- Opening Delimiter -

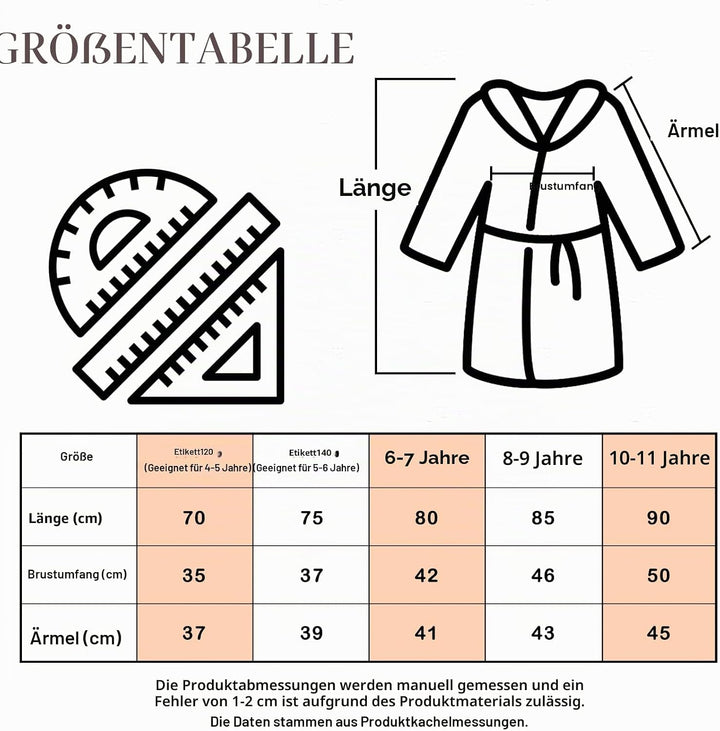 KAKU NANU Bademantel Kinder Mädchen Einhorn 4-11 Jahre Flauschig Warm Plüsch Bademantel Kuschelig Mo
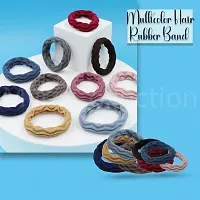 Myra Collection 10 Pcs Trendy Multicolor Elastic Rubber Band Hair Accessories For Girls And Women-thumb4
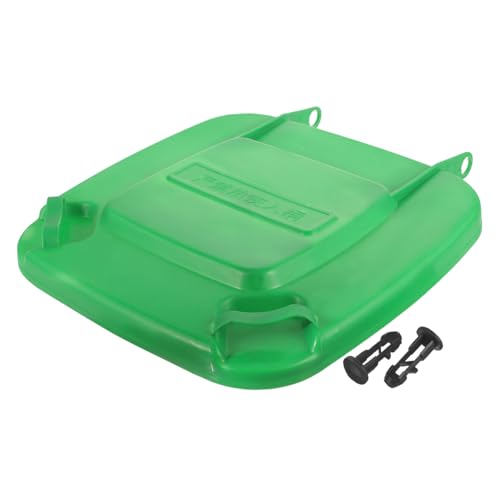 ibasenice Trash Can Lid Garbage Can Large Garbage Bin Lid Replacement Bin Disposal Rectangular Waste Outdoor Trashcan Blue Rubbish Trashcan Cover Small Outdoor Large Dustbin Plastic Green
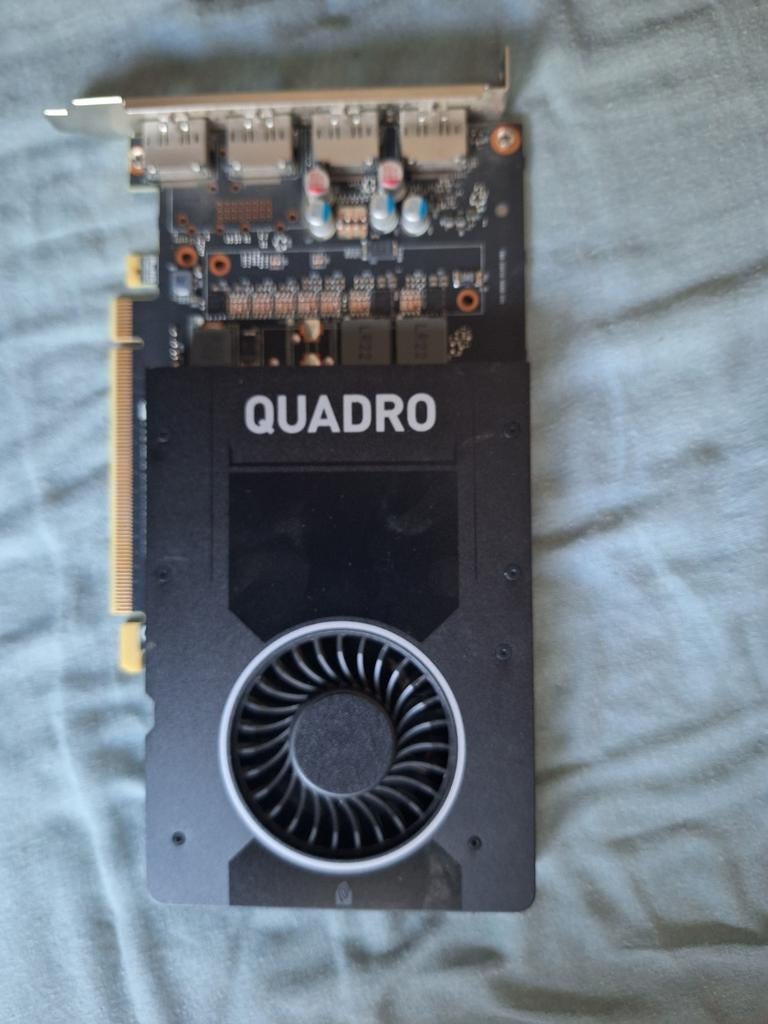 NVIDIA Quadro P2000 5GB, PCI-Express 3, Gebruikt, DisplayPort, Ophalen of Verzenden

- Closing Delimiter -

■ **TASK INSTRUCTIONS**: Word for word, reproduce the material above and omit each image.

■ **ANSWER SECTION**:
 KAKU NANU Bademantel Kinder Mädchen Einhorn 4-11 Jahre Flauschig Warm Plüsch Bademantel Kuschelig Mo
 Myra Collection 10 Pcs Trendy Multicolor Elastic Rubber Band Hair Accessories For Girls And Women-thumb4
 ibasenice Trash Can Lid Garbage Can Large Garbage Bin Lid Replacement Bin Disposal Rectangular Waste Outdoor Trashcan Blue Rubbish Trashcan Cover Small Outdoor Large Dustbin Plastic Green
 NVIDIA Quadro P2000 5GB, PCI-Express 3, Gebruikt, DisplayPort, Ophalen of Verzenden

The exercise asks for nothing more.